IG: Coding error is key to delays on tax database
- By Mary Mosquera
- Jul 31, 2003
'These delays are particularly disturbing, especially since the General Accounting Office continues to view modernization as a high-risk area.'
'IRS Commissioner Mark Everson
J. Adam Fenster
The latest delay in rolling out a modernized IRS database can be traced back to a contractor mistake made two years ago, a Treasury Department auditor says.
The tax agency last month pushed back deployment of the Customer Account Data Engine to the 2004 tax filing season, around March or April. The move follows several delays since 2001 that have postponed the system.
CADE is designed to replace the 40-year-old magnetic tape Master File with a relational database to hold the records of more than 200 million taxpayers. The IRS will be able to update CADE in real time rather than have to submit files for batch processing, as it does for the Master File.
The lead contractor for the IRS Business Systems Modernization, Computer Sciences Corp., made costly errors in developing CADE, said Margaret Begg, acting assistant inspector general for audit and information system programs with the Treasury Inspector General for Tax Administration.
CSC underestimated the complexity of the process and may still, Begg said.

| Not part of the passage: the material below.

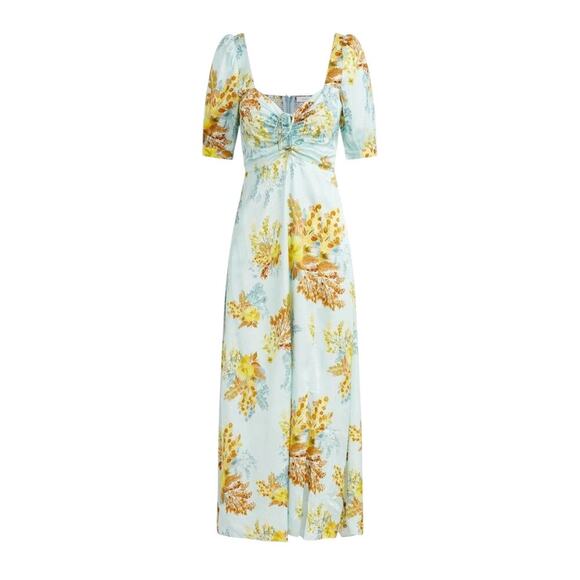 Anthropologie The Vineyard Floral Satin Midi Dress Blue Yellow Puff Sleeve sz 4 - Picture 3 of 8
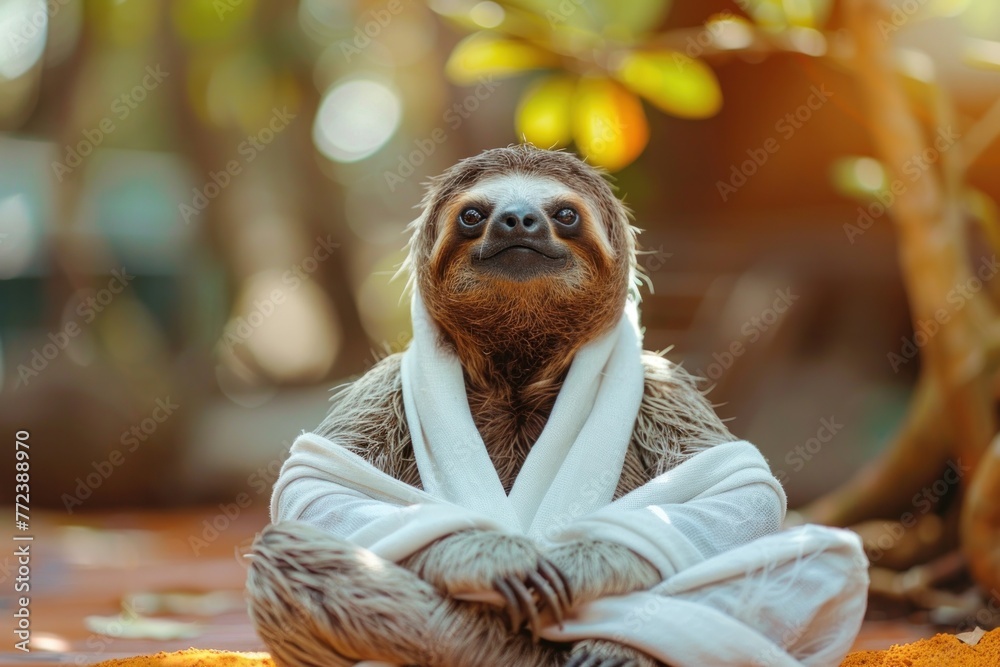 Fototapeta premium Calm looking sloth simple white clothes, sitting on ground in lotus like position. Zen meditation concept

CSC two years ago failed to include 30,000 lines of code that would let the Master File program work with CADE, which led to the first major delay in 2001, she said. 'The reconciliation part of the balancing and control program is probably the root cause of the CADE delays,' Begg said, referring to the process in the Master File program in which records are posted and checked for accuracy.
The reconciliation phase of making sure taxpayer information is accurately posted has to be done for the Master File as it exists and then carried over to CADE, Begg said. CSC recognized the problem, she said, but 'getting it fixed is a much more tedious effort than originally realized.'
CADE's accuracy depends upon the Master File data being accurate. The two systems will run in tandem as CADE expands its operations through five releases. The first release, to bring over the records of about 6 million Form 1040EZ filers, had been set for this month.
The IRS said it pushed the rollout back to next year after deciding the August date was too close to the period when the agency would be making tax code changes for the 2004 filing season.Software setbacks
The setbacks prompted IRS commissioner Mark Everson to launch an independent review of the program to evaluate its progress and determine whether changes are needed. 'These delays are particularly disturbing, especially since the General Accounting Office continues to view modernization as a high-risk area,' he said in a statement.
Following the setbacks in 2001, the IRS renegotiated the cost-plus contract with the Prime alliance, the consortium of contractors led by CSC working on IRS modernization, to a firm-fixed price contract.
Although CSC fixed the 30,000 lines of software code, problems have lingered. 'The IRS has no assurance that this problem has been accurately corrected,' Begg said.
CSC tried to move ahead with other aspects of CADE so it could begin testing and release the pilot. In so doing, glitches that remained in the balancing and control components were 'magnified over time,' she said.
A CSC spokesman said the company was confident that CADE's first phase will be in place during the 2004 tax season but declined further comment.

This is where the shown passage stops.